A Lila tem sido a minha leal companheira nas minhas designações já há 55 anos. Na época em que a nossa obra estava proscrita em Espanha e em Portugal, tivemos a oportunidade de ir lá várias vezes para encorajar os irmãos e levar publicações e outros itens de que eles precisavam. Nós até conseguimos visitar os irmãos presos no velho forte militar em Cádis, Espanha. Fiquei muito feliz por poder fazer um discurso bíblico para encorajá-los.
Nos anos a seguir a 1963, tive o privilégio de ajudar a organizar viagens para os congressos internacionais na África, América Central e do Sul, Austrália, Europa, Extremo Oriente, Havai, Nova Zelândia e Porto Rico. A Lila e eu tivemos o prazer de assistir juntos a vários congressos inesquecíveis, incluindo o de Varsóvia, Polónia, em 1989. Muitos irmãos russos conseguiram assistir a esse grande congresso – o primeiro da vida deles! Conhecemos vários irmãos e irmãs que passaram anos em prisões soviéticas por causa da sua fé.

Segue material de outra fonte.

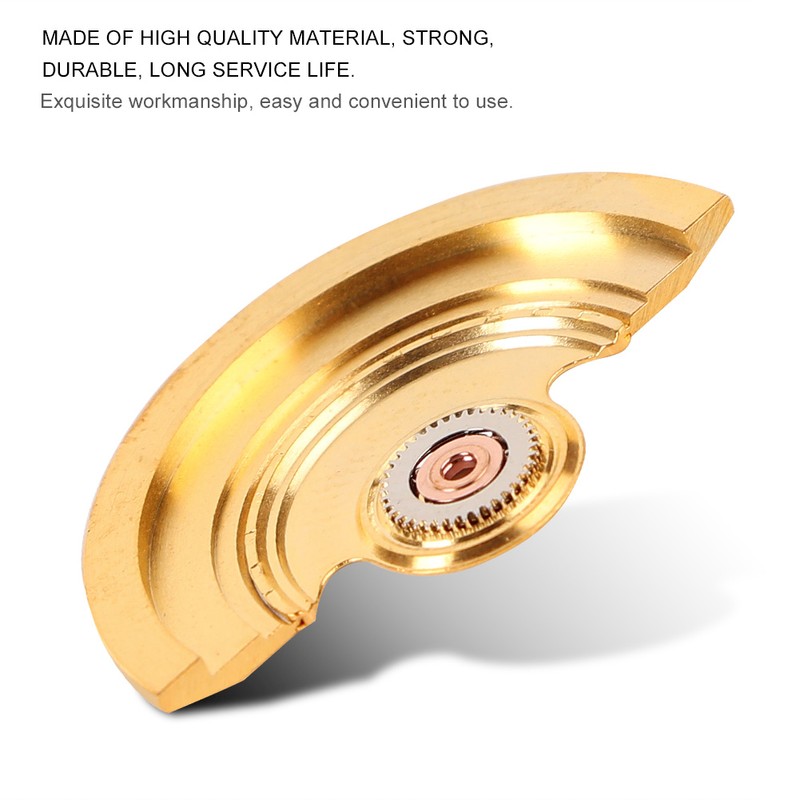 Automatic Watch Hammer Movement Oscillating Weight Repair Watch Accessories 2824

Para mim, é um privilégio poder visitar filiais ao redor do mundo e encorajar as famílias de Betel e os missionários. Na nossa última visita à filial da Coreia do Sul, conseguimos reunir-nos com 50 dos nossos irmãos presos em Suwon. Todos esses irmãos tinham uma atitude positiva e estavam ansiosos por voltar a servir a Jeová fora da prisão. Na verdade, nós é que fomos encorajados por nos reunirmos com eles! — Rom. 1:11, 12.
ALEGRO-ME COM OS AUMENTOS
Jeová abençoou muito o seu povo ao longo dos anos. Quando me batizei, em 1943, havia cerca de 100 mil publicadores. Hoje, somos mais de 8 milhões em 240 países e territórios. Esse aumento aconteceu em grande parte por causa do serviço de pregação liderado pelos formados em Gileade. Tem sido uma alegria para mim trabalhar de perto com muitos desses missionários e ajudá-los a chegar aos países onde foram designados!
Sinto-me muito grato por ter decidido preencher a petição para Betel quando era jovem. Jeová abençoou-me muito em cada etapa da minha vida. Além das alegrias de servir em Betel, a Lila e eu sentimo-nos felizes por trabalhar no ministério com algumas congregações em Brooklyn durante mais de 50 anos. Temos lá amigos de longa data.
Continuo a servir em Betel todos os dias com a ajuda da Lila. Embora eu já tenha 84 anos, fico feliz por ainda ser útil no trabalho. Eu ajudo a lidar com a correspondência da sede.
Fazer parte da organização maravilhosa de Jeová deixa-me muito feliz. Nós conseguimos ver a diferença entre os que servem a Jeová e os que não o servem. Fica claro para nós o que diz Malaquias 3:18: “Vocês verão novamente a diferença entre uma pessoa justa e uma pessoa má, entre quem serve a Deus e quem não o serve.” Cada dia que passa, vemos o sistema de Satanás a desintegrar-se, cheio de pessoas que não têm esperança e com pouca alegria na vida. Mas aqueles que servem e amam a Jeová conseguem ser felizes mesmo nestes tempos críticos. Temos uma esperança para o futuro. Por isso, acho um privilégio pregar as boas novas do Reino. (Mat. 24:14) Em breve, o Reino de Deus vai acabar com este mundo velho e trazer um novo mundo cheio de bênçãos. Vamos ter boa saúde e viver para sempre. Estamos desejosos que chegue o momento em que todos os servos fiéis de Jeová aqui na Terra vão ter uma vida eterna e feliz!